= Beginning of Section =

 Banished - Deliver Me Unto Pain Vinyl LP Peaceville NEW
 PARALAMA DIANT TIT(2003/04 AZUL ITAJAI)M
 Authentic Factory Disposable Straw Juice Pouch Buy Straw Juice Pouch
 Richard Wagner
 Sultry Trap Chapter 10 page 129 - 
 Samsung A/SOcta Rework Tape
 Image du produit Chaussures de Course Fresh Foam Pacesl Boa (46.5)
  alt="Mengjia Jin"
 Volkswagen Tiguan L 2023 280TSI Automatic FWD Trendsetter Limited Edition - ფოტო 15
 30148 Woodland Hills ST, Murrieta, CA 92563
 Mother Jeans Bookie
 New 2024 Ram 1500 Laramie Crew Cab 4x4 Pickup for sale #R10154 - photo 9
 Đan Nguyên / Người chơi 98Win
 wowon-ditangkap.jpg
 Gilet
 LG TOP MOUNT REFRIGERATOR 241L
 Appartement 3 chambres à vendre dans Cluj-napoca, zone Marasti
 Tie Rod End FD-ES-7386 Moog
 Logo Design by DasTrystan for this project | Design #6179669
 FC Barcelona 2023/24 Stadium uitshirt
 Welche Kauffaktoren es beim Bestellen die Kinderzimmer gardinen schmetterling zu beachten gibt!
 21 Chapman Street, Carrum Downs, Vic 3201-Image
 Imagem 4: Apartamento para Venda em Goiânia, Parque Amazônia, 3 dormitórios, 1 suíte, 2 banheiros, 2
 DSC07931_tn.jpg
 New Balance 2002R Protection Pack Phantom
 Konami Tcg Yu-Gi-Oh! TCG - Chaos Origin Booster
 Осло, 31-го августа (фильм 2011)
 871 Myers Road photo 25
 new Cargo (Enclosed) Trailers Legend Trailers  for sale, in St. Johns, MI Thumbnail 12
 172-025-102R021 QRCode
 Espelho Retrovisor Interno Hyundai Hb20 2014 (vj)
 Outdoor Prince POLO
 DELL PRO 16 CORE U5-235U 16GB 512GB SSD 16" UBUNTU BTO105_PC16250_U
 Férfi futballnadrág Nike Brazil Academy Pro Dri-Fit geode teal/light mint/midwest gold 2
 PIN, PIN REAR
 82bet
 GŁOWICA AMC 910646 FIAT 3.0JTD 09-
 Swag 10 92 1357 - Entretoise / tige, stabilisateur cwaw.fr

= End of Section =

> _Work to be completed_
Of the lines in the data, report each one containing the string "photo".

> _Solution to this task_
 New 2024 Ram 1500 Laramie Crew Cab 4x4 Pickup for sale #R10154 - photo 9
 871 Myers Road photo 25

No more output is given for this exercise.